I've used 4' agricultural fencing with 4"x2" mesh, attached to T-posts every 8'. We installed this when we rented, since we needed a fence but could not do anything permanent. It cost about $300 (which included some tools we needed such as a wire cutter and post driver) and we fenced in 2600 square feet. Probably could have done it cheaper but it was one of those things where I woke up one morning and decided to do it so we were limited on what supplies and deals were available. It held my GSDs fine. Coke would dig under it to get out so he was either supervised or on a tie-out inside the fenced area (he's always been tied out so he was used to that).


----------



## NancyJ

My question would be durability and resistance to being torn. I would think a dog could bite right through it. No climb horse fence is cheaper than chain link. But if you do that don't get the cheap welded at home depot. Go for the stuff at tractor supply.


----------



## ponyfarm

jocoyn said:


> My question would be durability and resistance to being torn. I would think a dog could bite right through it. No climb horse fence is cheaper than chain link. But if you do that don't get the cheap welded at home depot. Go for the stuff at tractor supply.

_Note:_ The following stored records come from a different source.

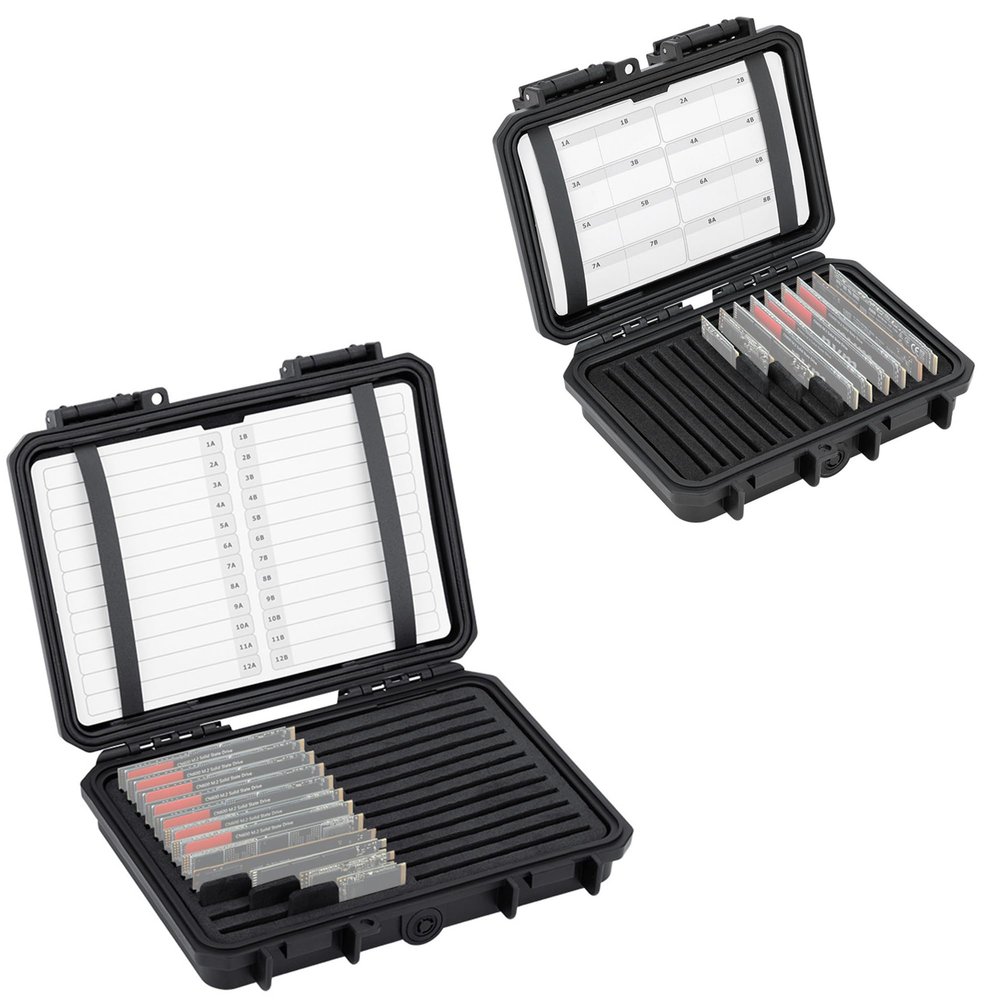 15 Slots + 24 SlotsM.2 2280 2260 2242 2240 2230 Case M.2 NVMe SSD Card Case with Label & Notepaper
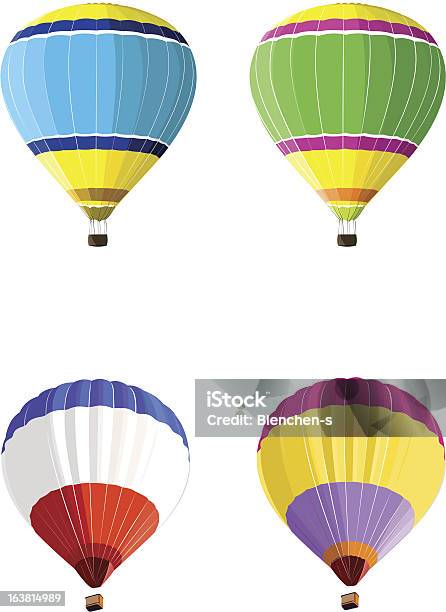 Ilustración de Globo Aerostático De Aire Caliente y más Vectores Libres de Derechos de Globo aerostático - Globo aerostático, Grupo de objetos, Ilustración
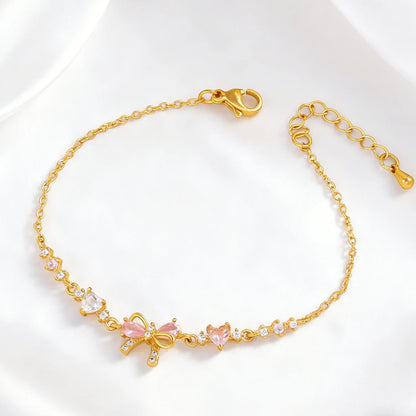 New Ins Vintage Pink Zircon Heart Bow Bracelet for Women Girl Cute Bow Handmade Fashion Anniversary Jewelry Gift
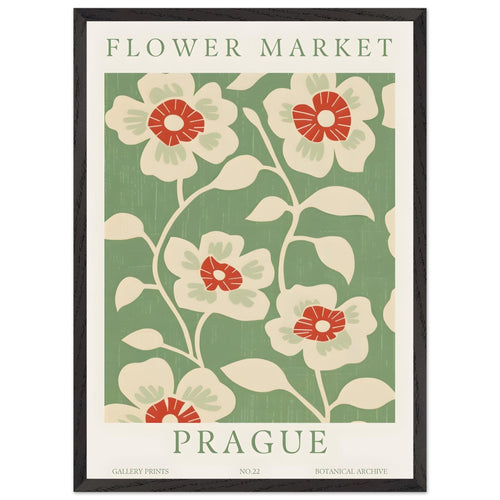 Artfulprints Poster met Lijst Flower market - Prague I   - 50x70 cm - Meerkleurig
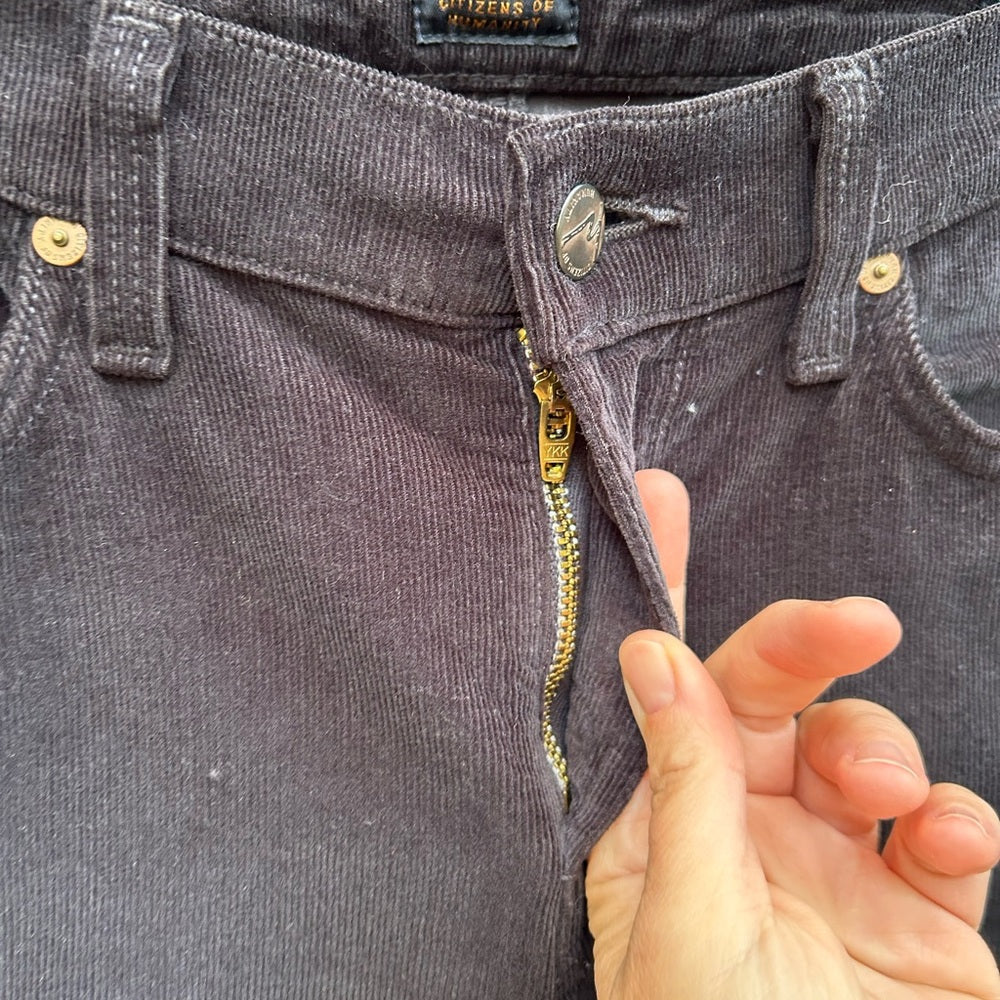 Citizens of Humanity black Amber mid rise bootcut cords, size 27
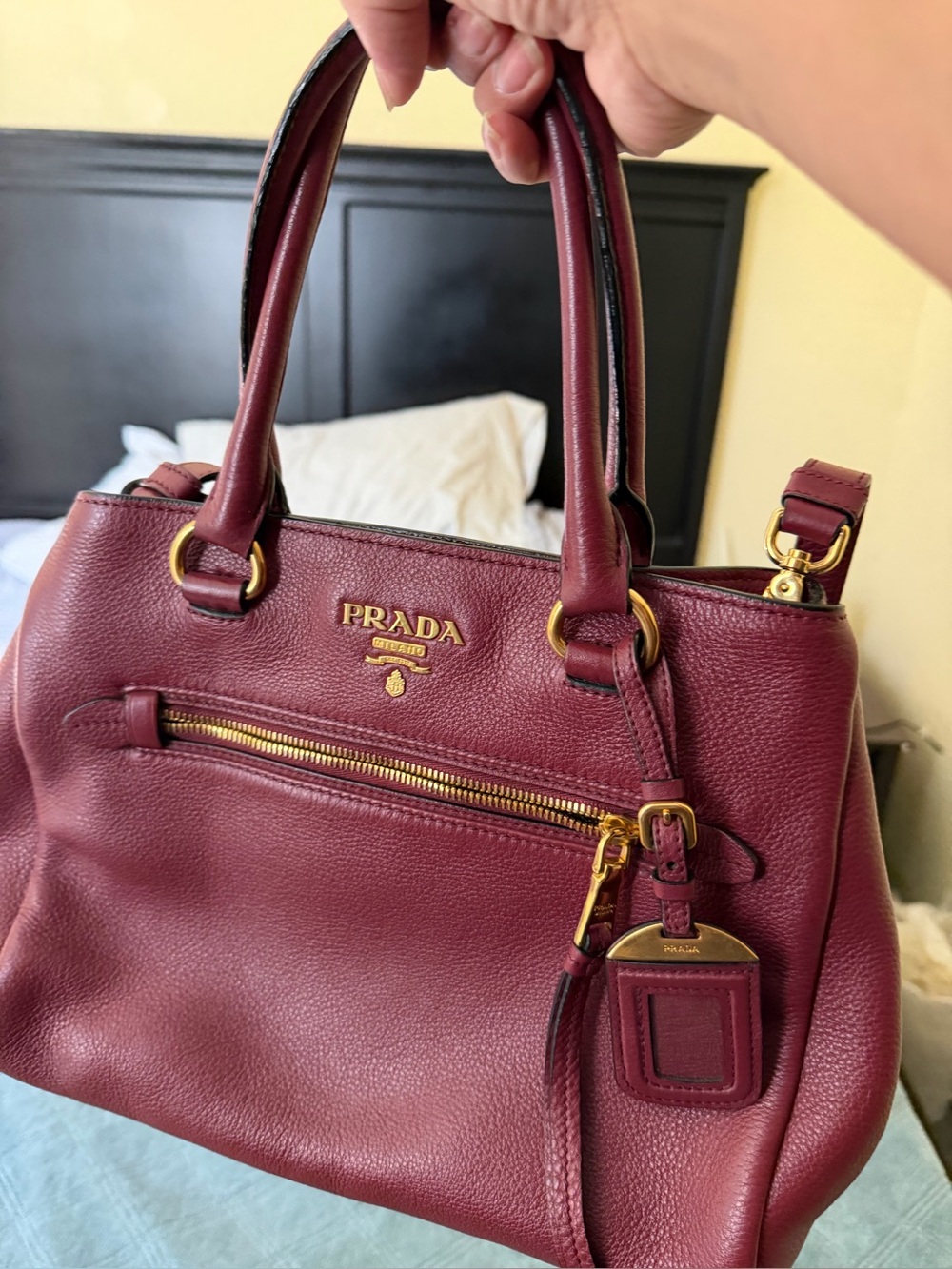 Prada Burgundy Leather Shoulder Tote with Gold Hardware - Picture 2 of 8
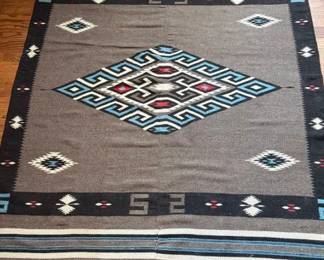 Spectacular Rio Grande weaving, ca 1920, 74" x 52"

I was looking at the RedBrand Diamond Mesh..but not sure about putting up and down our ravine. 

Maybe I have unrational dislike of invisible fencing..its just that I have found lots of dogs running thru our property wearing fence collars! (and no tags)


----------



## NancyJ

I don't know about the diamond mesh. I do have some redbrand horse fence that seems to go up and down about a 15% hill pretty well as an internal fence in my backyard.


----------



## Rua

We use something similar to that deer fencing for the space around our chicken run. It's really good and quite resilient even though it feels like it should be flimsy. 

Around our acre of land we have sheep fencing, which isn't the strongest kind of fencing around, but it does the job. It keeps the dogs and kids in and the riff raff out. In places where we need a bit more deterrent, we have put the deer fencing over the sheep fencing and it's done the trick.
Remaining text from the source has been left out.